Berdasarkan survei penulis terhadap beberapa literatur, tercatatlah seorang penyeru dakwah bernama Sayyid Ali Murtadha yang menuju arah Timur dan mendarat di sebuah pulau yang dikenal sekarang dengan Sepudi. Di sanalah dia menyiarkan agama baru, Islam pertama menyebarkan Islam. Dialah Sunan Lembayung Fadal. Orang menyebutnya dengan Rato Pandita. Kuburannya saat ini disebut Asta Nyamplong.

Sunan Lembayung Fadal mempunyai empat keturunan. Pertama, bernama Haji Usman yang dikenal dengan Sunan Manyuram Mandalika. Ia menyiarkan Islam di Lombok dan mempunyai putra bernama Raden Bindara Dwiryapada yang sampai sekarang dikenal dengan nama Sunan Paddusan, menyebarkan Islam di Sumenep. Sunan Paddusan menjadi menantu Jokotole. Jokotole masuk Islam dari tangannya.

Kedua, Usman Haji yang dikenal dengan Sunan Ngudung (Sunan Andung). Beliau mempunyai dua anak, putra dan putri, yaitu: Syd. Jakfar shodik (Sunan Kudus) dan Siti Sujinah (istri Sunan Muria).

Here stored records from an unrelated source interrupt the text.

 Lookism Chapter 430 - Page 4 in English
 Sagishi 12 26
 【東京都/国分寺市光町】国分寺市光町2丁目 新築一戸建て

Ketiga, Tumenggung Pulangjiwa atau juga dikenal dengan Panembahan Blingi. Ia kemudian dikarunia dua anak, yaitu Adipoday dan Adirasa. Keempat, Nyai Ageng Tanda. Ia kemudian menjadi istri Khalifah Husain atau Sunan Kertayasa di Sampang.

Dikabarkan, Sunan Lembyung Fadal sezaman dengan Panembahan Joharsari yang berkuasa antara tahun 1319-1331 M di Sumenep. Dengan demikian, Sunan ini termasuk awal, lebih awal dari Walisongo yang memasifkan gerakan dakwahnya pada abad ke 15-16 M. Ini sangat dimungkinkan karena sebenarnya di Surabaya dan sekitarnya, sejak sebelum abad ke 11 diduga kuat sudah banyak komunitas Muslim.

Sebagai salah satu buktinya adalah adanya makam seorang muslimah di Gresik yang bernama Fatimah binti Maimun yang wafat tahun 1082 M. Oleh karena itu, bisa diduga bahwa Sunan Lembayung Fadal ini hanyalah bagian kecil dari rombongan para penyiar yang sudah marak “berkeliaran” di Jawa dan sekitarnya untuk menyiarkan Islam.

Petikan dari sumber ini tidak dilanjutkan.